Personal information
- Born: October 26, 1928 Baltimore, Maryland, U.S.
- Died: February 27, 2016 (aged 87) Towson, Maryland, U.S.
- Listed height: 6 ft 3 in (1.91 m)
- Listed weight: 235 lb (107 kg)

Career information
- High school: Baltimore Polytechnic Institute
- College: Maryland (1947–1950)
- NFL draft: 1951: 4th round, 46th overall pick

Career history
- Baltimore Colts (1953);

Awards and highlights
- First-team All-SoCon (1950);
- Stats at Pro Football Reference

= Elmer Wingate =

American football and lacrosse player (1928–2016)

Elmer Horsey Wingate (October 26, 1928 – February 27, 2016) was an American football player. Wingate was drafted by the New York Yanks in the fourth round of the 1951 NFL draft and played for one season with the Baltimore Colts.

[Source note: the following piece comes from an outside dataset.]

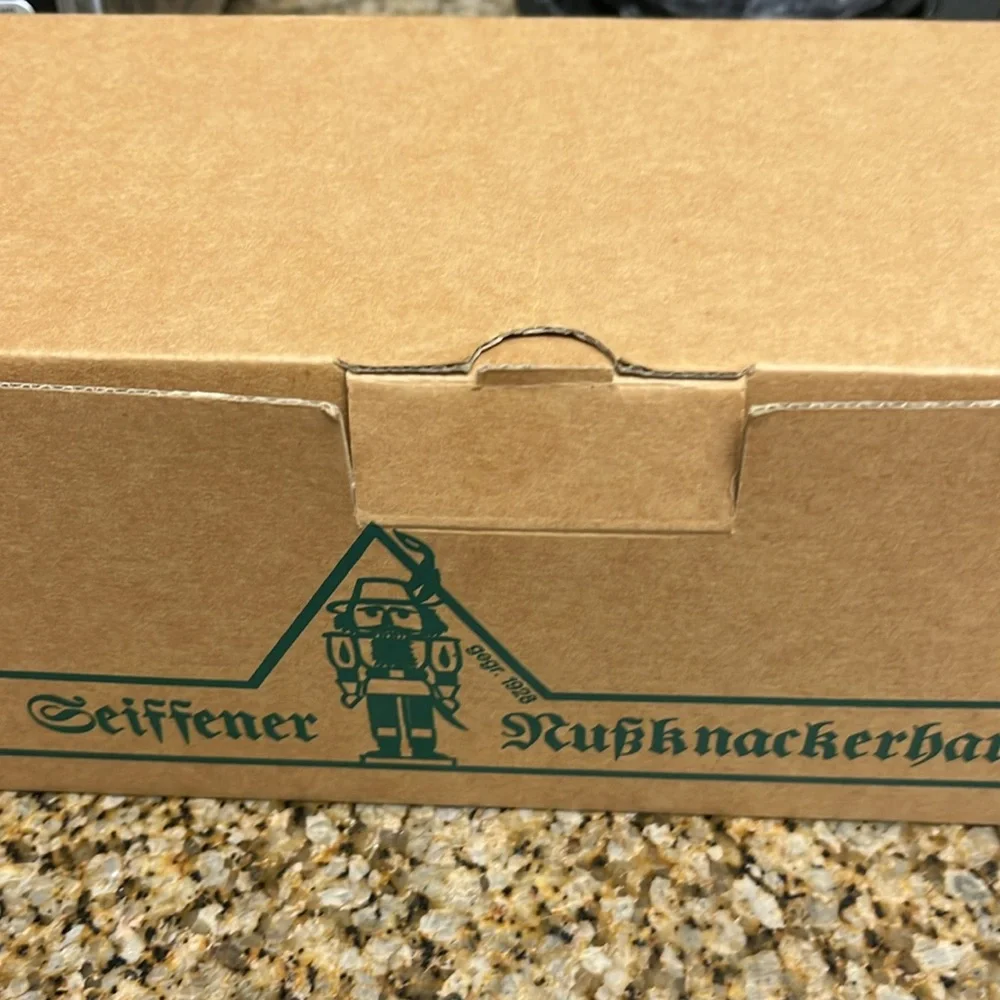 NWOT Christian Ulbricht Snoan Nutcracker Seiffener Nussnackerhaus 8.5”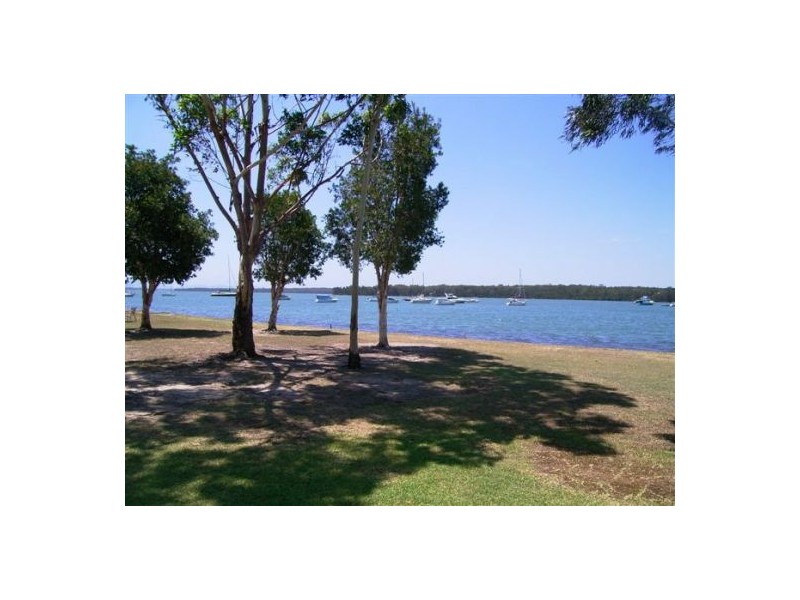 50 Lloyd Avenue, Chain Valley Bay NSW 2259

==Early life and college career==
Wingate was born in 1928 in Baltimore, Maryland and attended high school at the Baltimore Polytechnic Institute. He then went on to college at the University of Maryland. While there, Wingate played football for the Maryland Terrapins as a defensive end. In 1947, he was the team's receiving leader with 12 receptions for 145 yards and three touchdowns. In 1948, Wingate repeated as the Terrapins' leader receiver with nine receptions for 32 yards and three touchdowns, and was named an honorable mention All-American. In 1950, Wingate was named to the All-Southern Conference team. At Maryland, Wingate also played on the lacrosse team as a defenseman in 1950 and 1951. He was named to the All-American second-team in 1951.

==Later life==
He received a commission as a second lieutenant in the United States Air Force upon graduation from the University of Maryland as a member of the Air Force Reserve Officer Training Corps. While serving in the Air Force, he played football for the Bolling Air Force Base football team, where they won the service championship from 1952 to 1953. His service was during was during the Korean War era.

Wingate was selected in the fourth round of the 1951 NFL draft, 46th overall, by the New York Yanks. He eventually entered the league to play for the Baltimore Colts in 1953. While in the NFL, Wingate saw action in twelve games.